Wong Christian
Fuglevadvej, 2800 Kgs, Lyngby, Denmark.
Scoliosis. 2015 Jan 27;10:2. doi: 10.1186/s13013-015-0030-2. eCollection 2015.
Adolescent idiopathic scoliosis is regarded as a multifactorial disease and none of the many suggested causal etiologies have yet prevailed. I will suggest that adolescent idiopathic scoliosis has one common denominator, namely that initial curve development is mediated through one common normal physiological pathway of thoracic rotational instability. This is a consequence of gender specific natural growth of the passive structural components of thoracic spinal tissues for the adolescent female. This causes an unbalanced mechanical situation, which progresses if the paravertebral muscles cannot maintain spinal alignment. The alteration in the coronal plane with the lateral curve deformity is an uncoupling effect due to a culmination of a secondary, temporary sagittal plane thoracic flattening and of a primary, temporary transverse plane rotational instability for the adolescent female. Treatment of adolescent idiopathic scoliosis should address this physiological pathway and the overall treatment strategy is early intervention with strengthening of thoracic rotational stability for small curve adolescent idiopathic scoliosis.
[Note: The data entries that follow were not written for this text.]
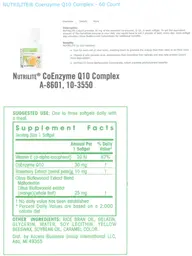 Label for Coenzyme Q10 Complex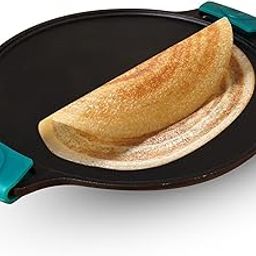 The Indus Valley Pre-Seasoned Cast Iron Tawa for Dosa/Chapathi with Double Handle Silicone Grip | 30.2cm/11.8 inch, 2.4kg | Induction Friendly | Nonstick,100% Pure & Toxin-Free, No Chemical Coating-22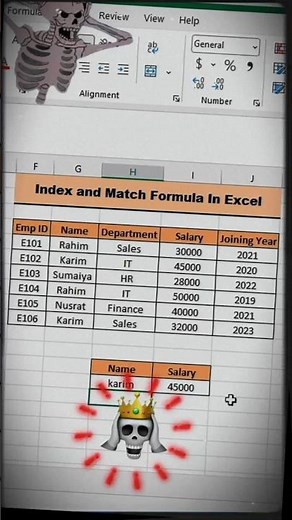 Index And Match Formula In Excel 😱✅ #excel #trending #exceltips #exceltricks #viral | Turn On Skill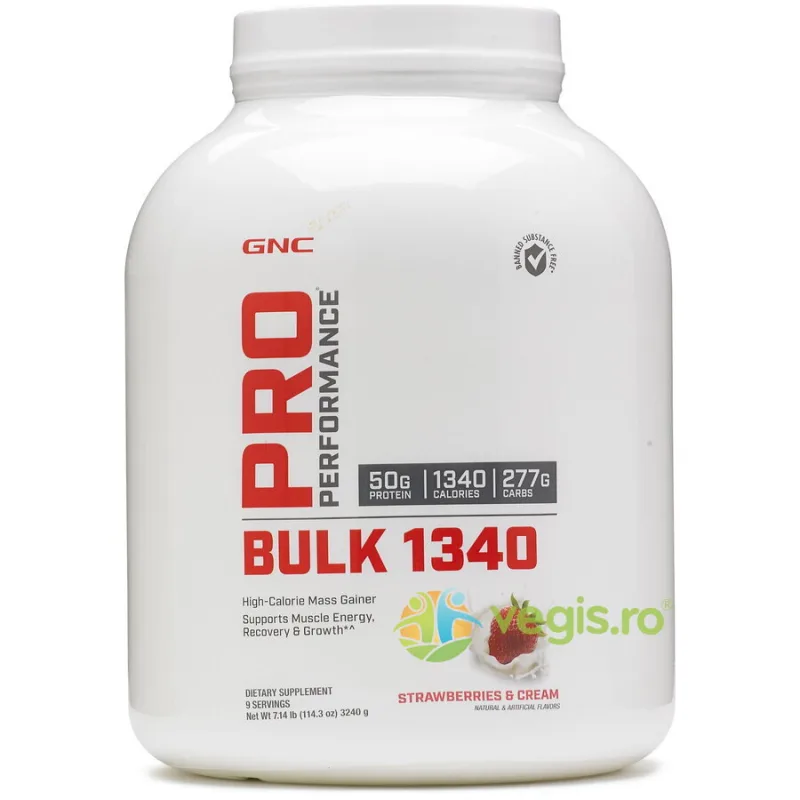 Bulk 1340 - Gainer cu Proteina si Carbohidrati Aroma de Capsuni Pro Performance 3294g GNC — preț și oferte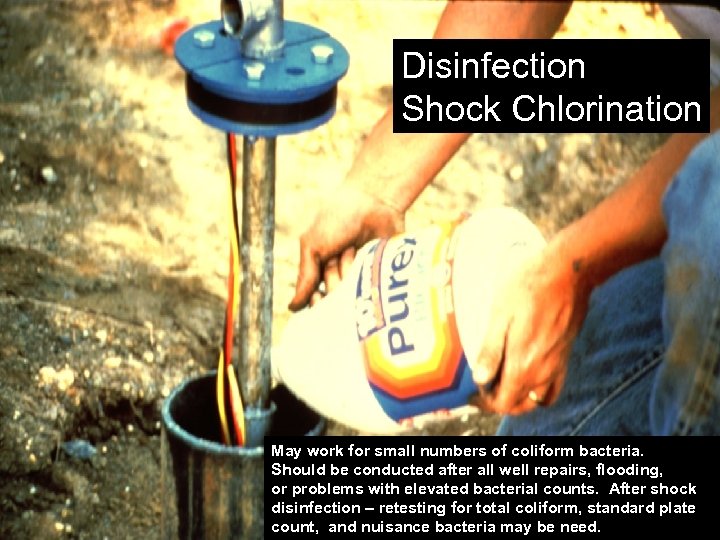 Disinfection Shock Chlorination May work for small numbers of coliform bacteria. Should be conducted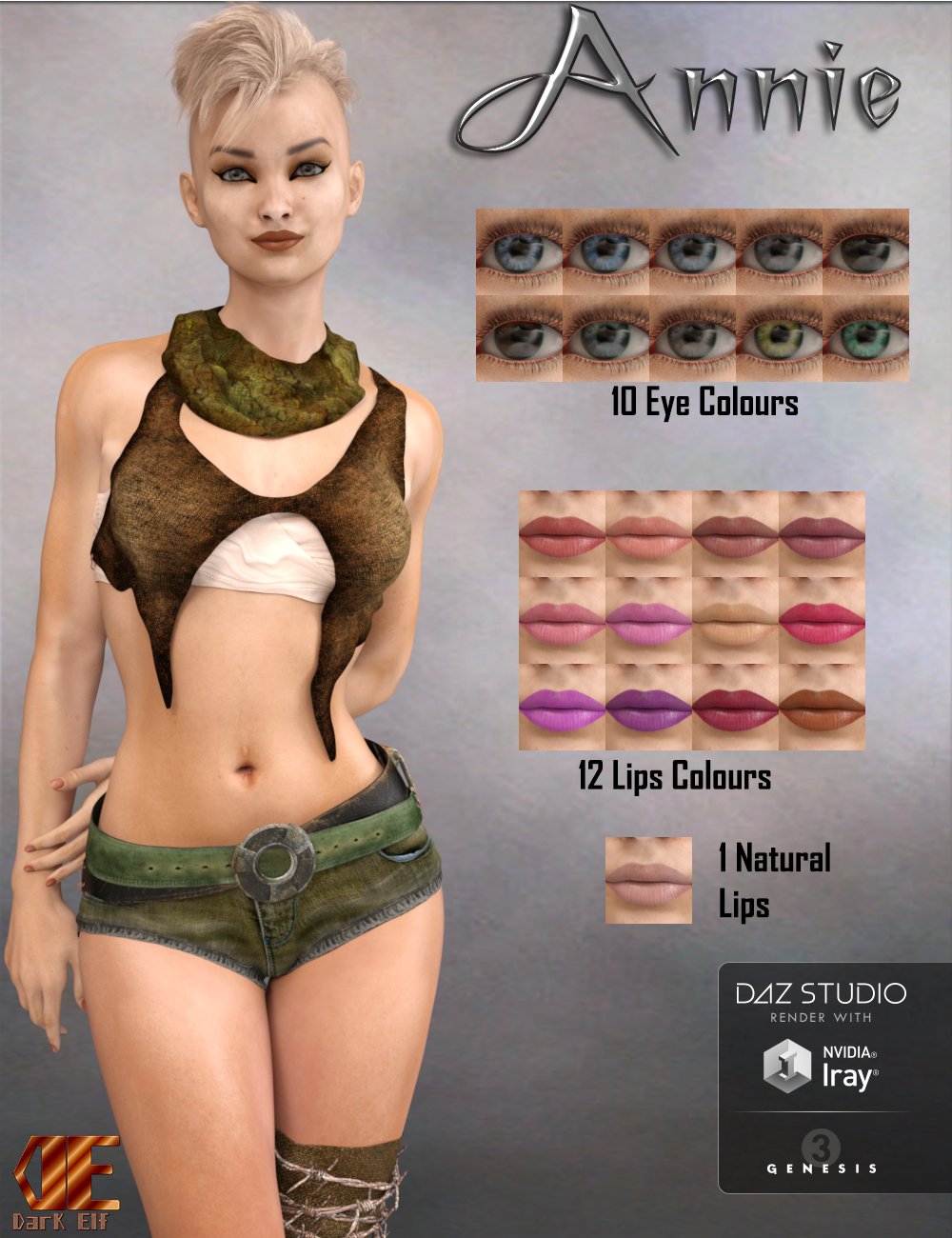 DE Annie for Genesis 3 Female DE Annie for Genesis 3 Female by: Dark-Elf, 3D Models by Daz 3D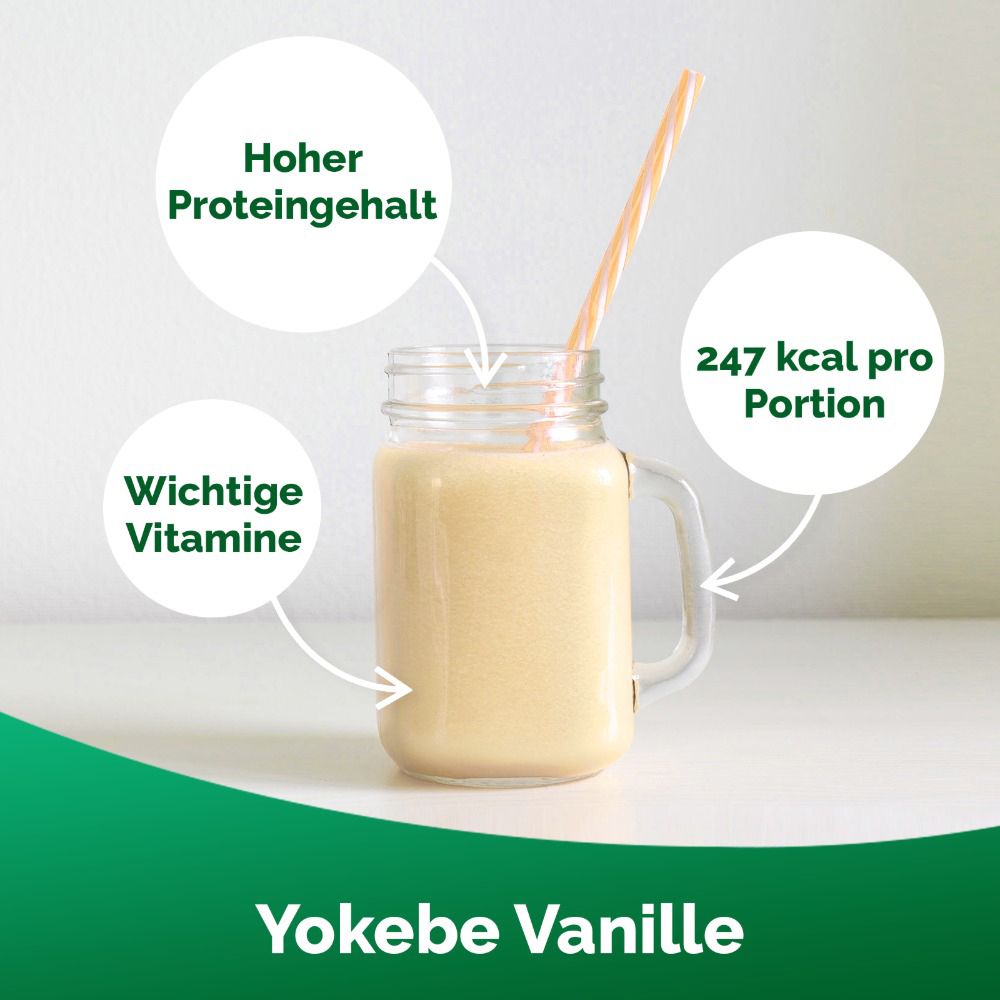 Glas mit Shake und Strohhalm. Text: Hoher Proteingehalt, wichtige Vitamine, 247 kcal pro Portion. Yokebe Vanille.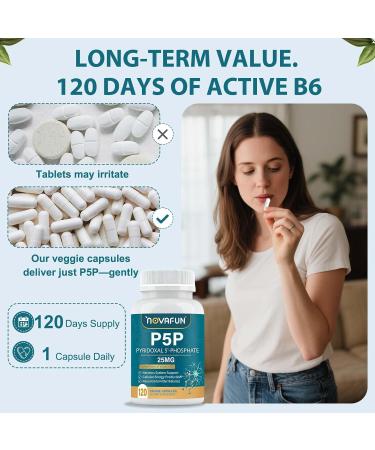 Novafun P5P 25mg - Active Vitamin B6 High Potency Pyridoxal-5-Phosphate Coenzyme Supplement Supports Nervous System Neurotransmitter Balance & Cellular Energy 120 Veggie Capsules - Buy Online on GoSupps.com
青少年特发性脊柱侧弯被认为是一种多因素疾病,众多提出的病因中尚无一种占主导地位。我认为青少年特发性脊柱侧弯有一个共同特征,即初始曲线发展是通过胸段旋转不稳定这一共同的正常生理途径介导的。这是青少年女性胸段脊柱组织被动结构成分性别特异性自然生长的结果。这会导致机械状况失衡,如果椎旁肌肉无法维持脊柱对齐,这种失衡就会加剧。冠状面的侧方曲线畸形改变是一种解耦效应,这是由于青少年女性继发的、暂时的矢状面胸段变平和原发的、暂时的横断面旋转不稳定共同作用的结果。青少年特发性脊柱侧弯的治疗应针对这一生理途径,总体治疗策略是对小曲线青少年特发性脊柱侧弯进行早期干预,加强胸段旋转稳定性。